Atlantic Coast Builders & Contractors, LLC v. Lewis (Lawyers Weekly No. 010-046-12, 9 pp.) (Kaye G. Hearn, J.) (Jean Hoefer Toal, Ch.J., concurring in part & dissenting in part) (Costa M. Pleicones, J., concurring in part & dissenting in part) Appealed from Beaufort County. (Curtis L. Coltrane, Master in Equity) On writ of certiorari to the Court of Appeals. On petition for rehearing. S.C. S. Ct. Click here for the full-text opinion.
Holding: The master in equity found for the plaintiff-tenant on three causes of action – negligent misrepresentation, breach of contract, and unjust enrichment – but the defendant-landlord appealed only the findings of liability for negligent misrepresentation and breach of contract and not the finding of liability for unjust enrichment. Therefore, the unappealed ground is the law of the case, and our consideration of the landlord’s arguments is barred by the two-issue rule.
We affirm the Court of Appeals as to the entry of judgment against the landlord for negligent misrepresentation and unjust enrichment. However, we reverse the Court of Appeals’ conclusion that the landlord’s entitlement to the security deposit is not preserved for review.
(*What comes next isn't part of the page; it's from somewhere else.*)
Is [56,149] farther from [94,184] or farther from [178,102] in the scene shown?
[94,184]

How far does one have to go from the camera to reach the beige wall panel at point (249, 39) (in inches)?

On the merits of that issue, we reverse the master and reduce the tenant’s award by $3,500 (the amount of the security deposit) to $6,660.79.
In its complaint, the tenant requested a return of its security deposit, which the landlord denied in her answer. Furthermore, the landlord’s property manager testified that the landlord kept the security deposit because the tenant remained on the property for two months after it breached the lease by failing to pay rent.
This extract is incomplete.